Metro Weekly

Anti-gay Kentucky Clerk Kim Davis releases memoir

Proceeds from sale of book, which tells of encounters with "fist-pounding homosexual men," will benefit Liberty Counsel

Kim Davis – Photo: Fox News

The right-wing legal firm Liberty Counsel is raising money through the sale of a new memoir by its tried-and-true cash cow, anti-gay activist Kim Davis.

Davis, the controversial Rowan County Clerk, has released Under God’s Authority: The Kim Davis Story, a book co-authored by John Aman and Mat Staver of Liberty Counsel, that attempts to cast Davis as a martyr for religious liberty.

The book costs $25 and can only be ordered online. Proceeds from the book will benefit Liberty Counsel, a spokesman for the organization told the Lexington Herald-Leader.

Liberty represented Davis on a pro bono basis when she refused to grant marriage licenses to same-sex couples in 2015, and has continued to play a role in managing her public appearances since then. Recently, the organization arranged for Davis to travel abroad with its employees to campaign in favor of a gay marriage ban in Romania.

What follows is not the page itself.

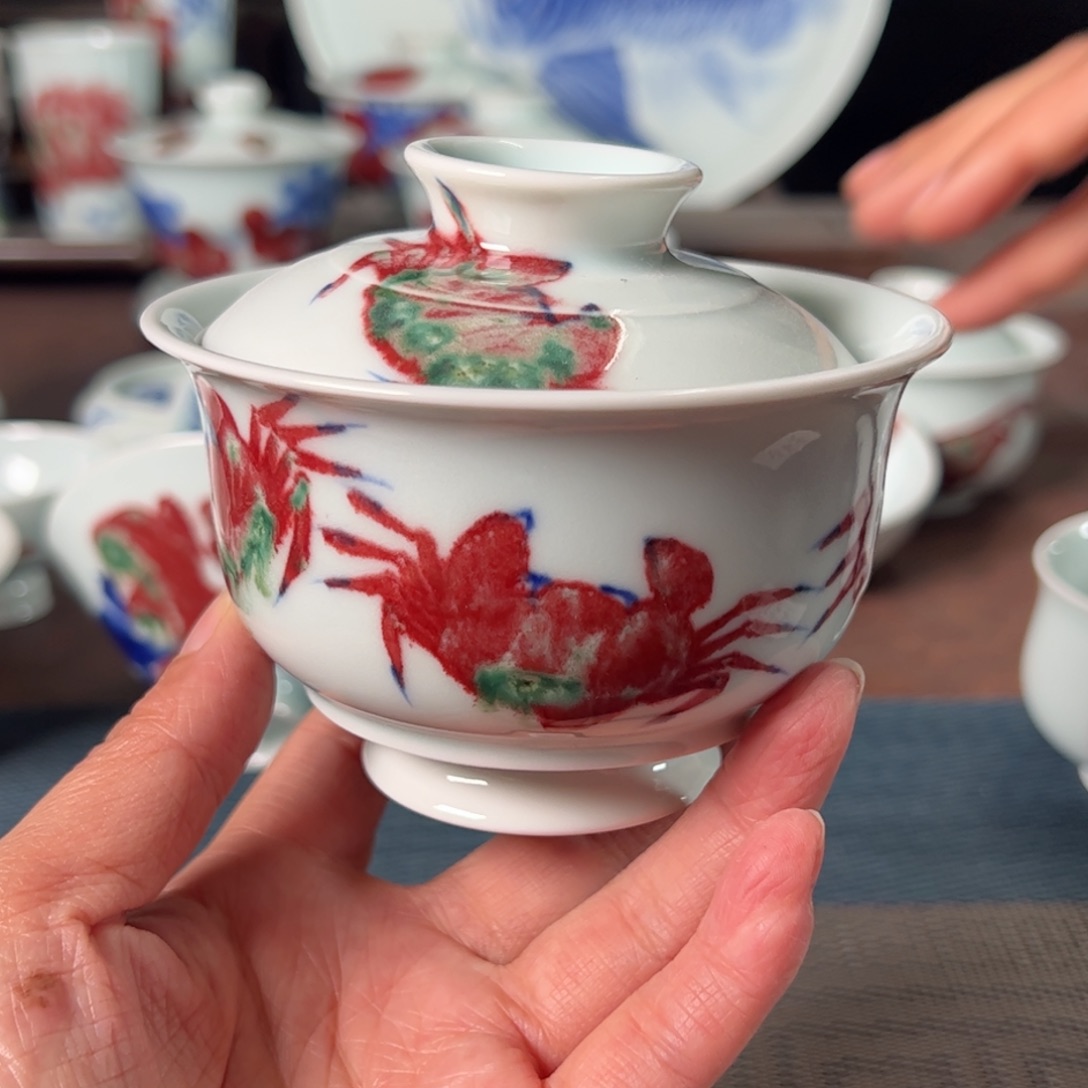 杯原矿青花釉里红瓷器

According to the Herald-Leader, the book will detail Davis’ experiences during her headline-generating stint in jail for violating a judge’s order to allow her subordinates to issue licenses to same-sex couples. At the time, Davis maintained that she did not want licenses going out to same-sex couples that included her name and title on the standard-issue certificate, even if she did not process the licenses herself.

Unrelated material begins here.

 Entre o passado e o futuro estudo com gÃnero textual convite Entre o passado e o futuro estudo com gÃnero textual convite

Following the U.S. Supreme Court’s decision finding bans on same-sex marriage unconstitutional, Davis did not want to be forced to grant licenses to same-sex couples. So, rather than be accused of discrimination, Davis ceased issuing marriage licenses to any couple, regardless of their sexual orientation.

Davis ended up spending six days in jail for contempt of court for her refusal to issue licenses. Eventually, her subordinates in the clerk’s office acquiesced and agreed to issue the licenses in her stead. The following year, newly-elected Gov. Matt Bevin, who frequently invoked Davis’ jailing on the campaign trail, signed into law a bill that removed clerk’s names from marriage licenses.

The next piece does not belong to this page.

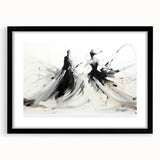 Elegant Abstract Dancers - Modern Black & White Living Room Wall Art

“Kim chronicles her dramatic encounters with furious, fist-pounding, homosexual men and the hate mail that flooded her office,” a description of the book reads. “Kim takes you behind-the-scenes of the unlikely saga that took America by storm in 2015. She tells how God transformed her life in 2011, why she almost retired in 2014, and how she knew — six months before the U.S. Supreme Court’s disastrous 2015 same-sex ‘marriage’ opinion — she was headed for jail.”

Former Arkansas Governor and presidential candidate Mike Huckabee, another politician that tried to capitalize on the Davis saga, wrote the forward for the book, which he endorses on the back cover.

“It’s a great read,” Huckabee writes. “But more than that, this remarkable story of what God did in Kim’s life gives me hope for our nation. I think it will give you hope, too.”

Bevin and Franklin Graham, the son of the late evangelist Billy Graham, have also endorsed the book.

“Kim Davis is one tough lady,” Graham writes. “In a culture that demeans people who obediently follow Jesus, Kim Davis drew on His strength as she experienced — and endured — persecution from the culture, the court, and the crowds, and survived to tell about it all in her compelling book Under God’s Authority.”

The memoir is also likely to garner publicity — and perhaps even sympathy — for Davis, who is running for re-election in 2018. Shortly after being released from jail, Davis switched her party affiliation to Republican. She will face one of four Democratic challengers in November. One of those challengers is David Ermold, one of the men she denied a marriage license to in 2015.